Christian and conservative groups that fight abortion and gay rights in the U.S. and Europe are intensifying their work across Africa through conferences, activism and promotion of a “Declaration on Family Values” that express grave concern about sex education, birth control, the “normalization of abortion as a right” and “advocacy of gender identity ideologies.”
U.S.-based groups including the Heritage Foundation, Alliance Defending Freedom, Family Research Council, Family Watch International, Human Life International, LifeSiteNews, Population Research Institute and the Center for Family and Human Rights took part in the Pan-African Conference on Family Values in Nairobi, Kenya May 12-17.

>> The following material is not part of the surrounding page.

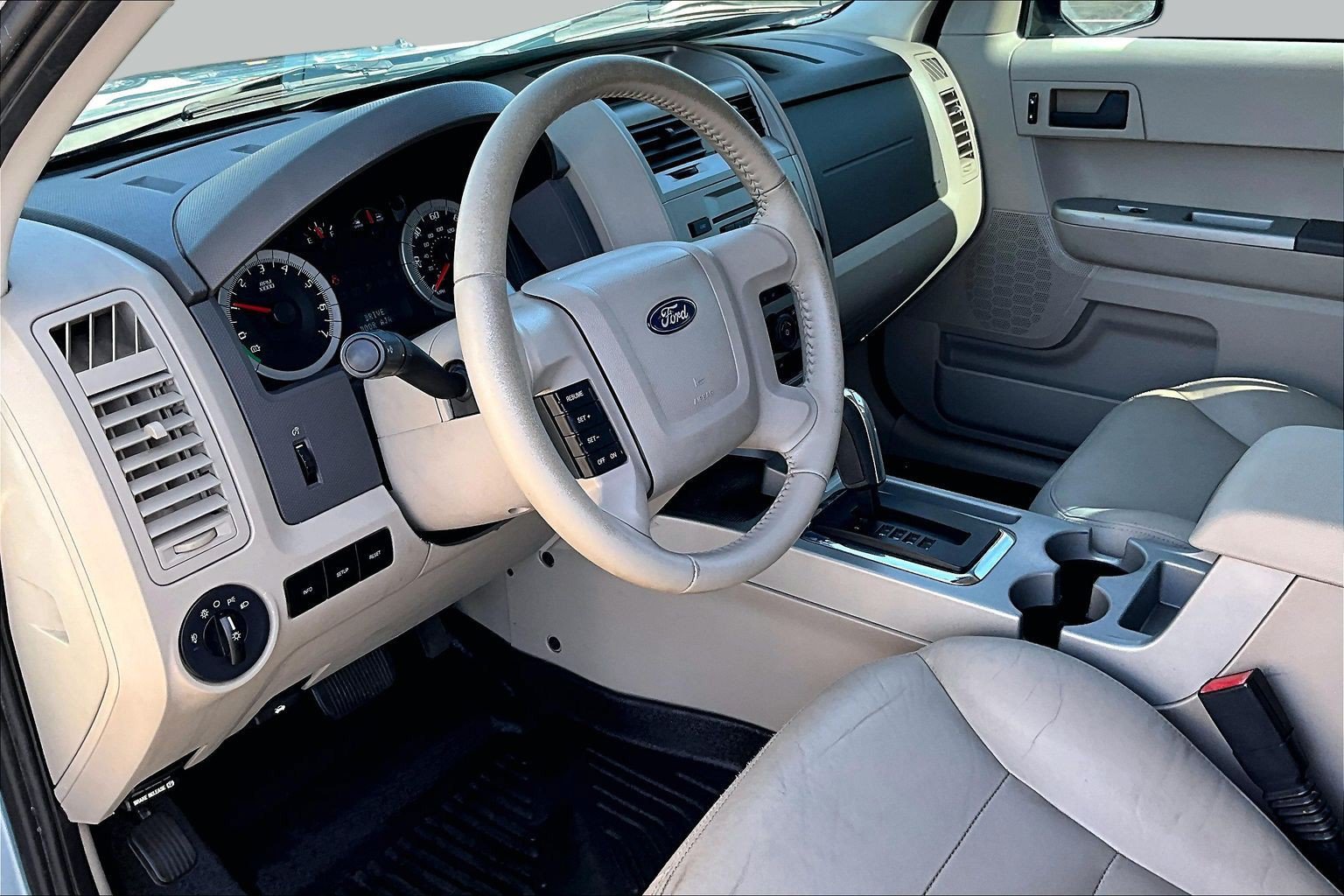 Used 2008 Ford Escape 2WD Hybrid image 12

Family Research Council’s Travis Weber said “no subject loomed larger” during the conference than “what the West has done to target the African family in recent years,” especially during the Biden administration, which he said promoted “malicious” and “exploitative” policies.
“African government leaders are having their arms twisted by Western diplomats and NGOs and told that if they don’t agree to allow abortion and LGBT ideology, they aren’t going to get the financial aid they often so desperately need,” Weber said in an article, “The West’s Assault on the African Family.”

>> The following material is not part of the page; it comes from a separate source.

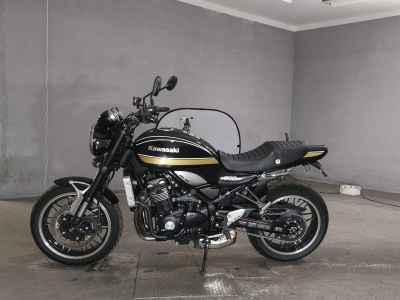 Kawasaki Z900RS 2022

“Sexual ideologies are a religion in the West, and the West is quite logically zealously proselytizing what it believes,” said Weber, calling the battle “a spiritual war.”
The Western groups told the Nairobi conference U.S. efforts to promote universal human rights and sex education in schools represent a form of “new colonialism … in the form of white Western elites attacking the biblical view of the family in Africa.”
Greg Slater of Family Watch International told conferencegoers that LGBTQ rights are “fictitious rights” and believers need to “reclaim our societies from the globalist agenda” and “restore the God-given roles of men and women.”

Some Africans see irony in ideologically driven U.S. and Western groups telling Africans to resist “ideologically driven foreign policy interventions.” An early poster promoting the conference featured only white, non-African speakers, further infuriating African critics of the efforts to politicize the family.
“The conference … sought to promote a regressive anti-LGBTQ agenda in Africa under the guise of protecting ‘family values,’” said the South African LGBTQ outlet Mamba Online.
Kenya Times reported on the controversy over the all-white poster.
“This is not African liberation,” said Irungu Houghton, Amnesty International’s Kenya director. “This is cultural manipulation cloaked in Pan-African rhetoric.”
Houghton railed against the Western efforts to promote conservative values in Kenya’s The Standard, arguing Africa can figure out its family issues on its own: “As the cradle of humanity, Kenya has had several millions of years of indigenous family values and family-making experience.
“We have extended, polygamous, nuclear, monogamous, blended, multi-generational, foster, childless and refugee families among others. Today, families are led by a single adult parent, grandparents, co-parents, adopted parents, same-sex couples, other collective care arrangements and children.”
One critic said “white American men” were trying to export Western fears and problems to Africa.
“They are trying to instill fear by claiming there is an agenda to reduce Africa’s fertility and population rates, but this is an imposition of Western problems, such as declining fertility rates, on Africa,” said Kemi Akinfaderin of the group Fòs Feminista.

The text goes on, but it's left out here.